_GOAL OF THE EXERCISE_
State the number of lines in the records underneath where the word "with" turns up, and say nothing else.

BEGIN RECORDS FOR THIS TASK

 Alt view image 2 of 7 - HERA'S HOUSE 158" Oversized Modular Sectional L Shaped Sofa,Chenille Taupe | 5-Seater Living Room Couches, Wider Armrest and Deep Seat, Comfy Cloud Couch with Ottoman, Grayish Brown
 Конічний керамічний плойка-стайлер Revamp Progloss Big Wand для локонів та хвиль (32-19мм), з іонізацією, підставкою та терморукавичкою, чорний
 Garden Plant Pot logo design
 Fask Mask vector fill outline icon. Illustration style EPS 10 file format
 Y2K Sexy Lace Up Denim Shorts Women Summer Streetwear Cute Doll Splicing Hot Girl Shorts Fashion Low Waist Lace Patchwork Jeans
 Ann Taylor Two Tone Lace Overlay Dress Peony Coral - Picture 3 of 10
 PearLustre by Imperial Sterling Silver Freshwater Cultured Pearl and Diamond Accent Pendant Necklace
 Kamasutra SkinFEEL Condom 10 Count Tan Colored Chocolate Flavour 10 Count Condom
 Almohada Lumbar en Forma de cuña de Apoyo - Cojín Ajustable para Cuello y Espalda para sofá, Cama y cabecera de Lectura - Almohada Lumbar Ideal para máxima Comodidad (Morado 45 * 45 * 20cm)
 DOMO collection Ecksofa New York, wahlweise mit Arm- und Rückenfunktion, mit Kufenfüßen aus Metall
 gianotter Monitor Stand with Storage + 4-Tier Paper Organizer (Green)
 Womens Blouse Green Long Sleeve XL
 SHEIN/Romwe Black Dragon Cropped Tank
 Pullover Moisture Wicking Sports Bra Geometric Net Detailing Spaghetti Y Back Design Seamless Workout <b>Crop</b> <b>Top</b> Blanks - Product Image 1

END RECORDS FOR THIS TASK

_EXERCISE SOLUTION_
2